I have snippets of family stories that come to mind from time to time along with certain expressions that are engraved somewhere in my consciousness. "Jesus, Mary and Joseph!" Heard that a lot. "Go on with you!" With any good Irish family, it is hard to tell the legends from the history, but who cares? When my mother was three, she died of scarlet fever. At least the doctor proclaimed her dead. The priest gave her the last rites. Then her nurse took her on the train from Lawrence, MA to the ocean, throwing her bottle out the window on the way. After she was plunged in the salt water she revived and began to heal. "Salt water cures everything." I heard that story more than once. When given the chance we put all our cuts into the sea.
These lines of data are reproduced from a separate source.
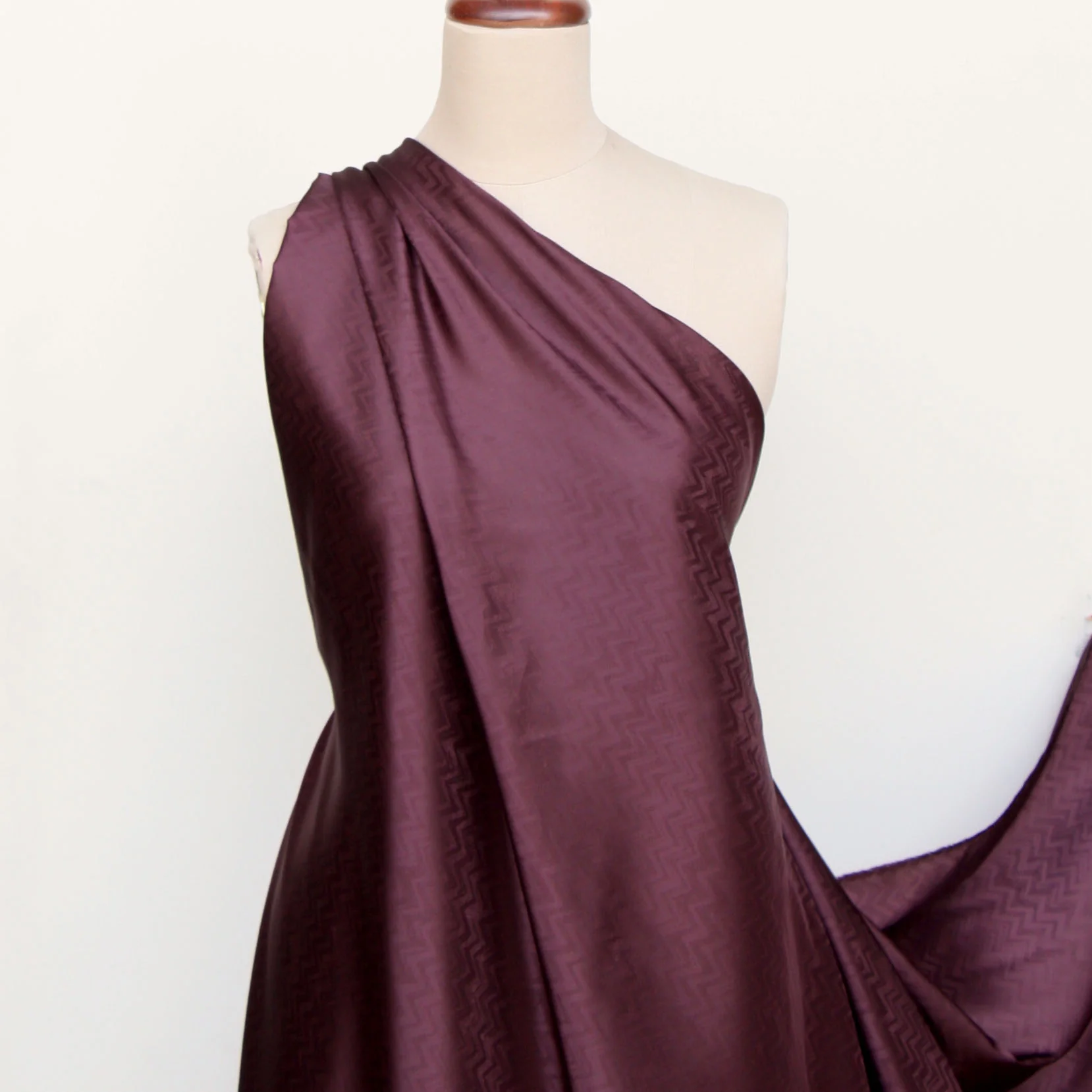 Missing Plum Fancy Lining - Image 4
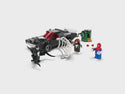 LEGO® Marvel Spider-Man vs. Venom Muscle Car Playset 76309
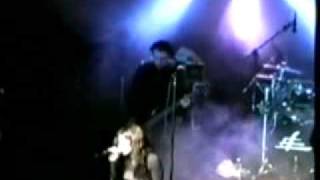 Lacuna Coil - Falling Again (Live Milan 2003)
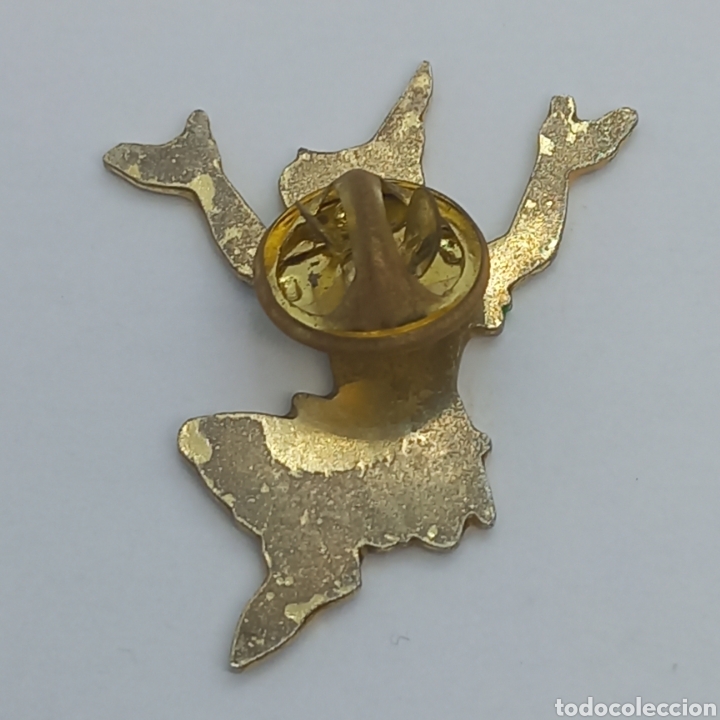 Pins de colecci&oacute;n: Pin Peter Pan - Foto 2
My great grandfather had ships that brought refugees from the famine to Boston. He was highly revered because his boats were not death traps like so many and he gave a lot of starving people a break. his reputation was still alive when I was a kid. My grandfather had money during the depression and he helped out a lot of his countrymen. I can still remember going out with them (to church, I suppose) and feeling the respect they got. But much of life in the community was banter, jokes and most of all, stories.

The stories were tall tales, but they were self-deprecating at the same time. Any Irishman worth his salt  would have you laughing and crying almost at the same time. And then there were the songs of the Uprising. They still bring tears to my eyes and I, myself, never lost a son to the Cause.

OK. I am going to Ireland. I need to feel the spirit. I want to meet my history. All this inspired by watching my tribe, may of them cops, during the sad news coverage in Boston.


Sunday, April 21, 2013

The Yankee Way

My friend, Frances Day, God rest her soul, named her big beautiful Hereshoff sailboat "Desperate Lark". I loved that name. She, (the boat) has been rebuilt and is now in the water again. That makes me happy.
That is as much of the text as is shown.